A word-for-word copy of the data, pictures excluded, is what this task asks for.

BEGIN SOURCE DATA

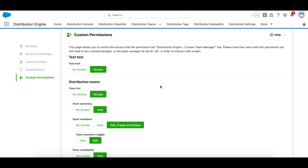I'd like to introduce you all to a new feature called Distribution Engine custom team manager. Think of it as a supercharged version of our existing team manager permission set. The real magic here is the ability for admins to fine-tune what specific users can see within the app. Let me show you what this looks like.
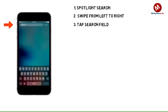Tap the search field and enter the desired search, or tap the microphone icon and speak your search. Note: search results appear as you type.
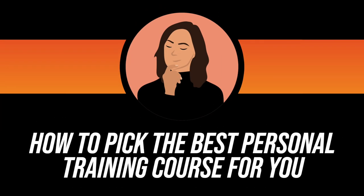How to pick the best personal training course for you? Here is a small checklist of requirements and considerations you should think about when deciding which is the best personal training course for your needs.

END SOURCE DATA

SOLUTION TO THIS TASK:
I'd like to introduce you all to a new feature called Distribution Engine custom team manager. Think of it as a supercharged version of our existing team manager permission set. The real magic here is the ability for admins to fine-tune what specific users can see within the app. Let me show you what this looks like.
Tap the search field and enter the desired search, or tap the microphone icon and speak your search. Note: search results appear as you type.
How to pick the best personal training course for you? Here is a small checklist of requirements and considerations you should think about when deciding which is the best personal training course for your needs.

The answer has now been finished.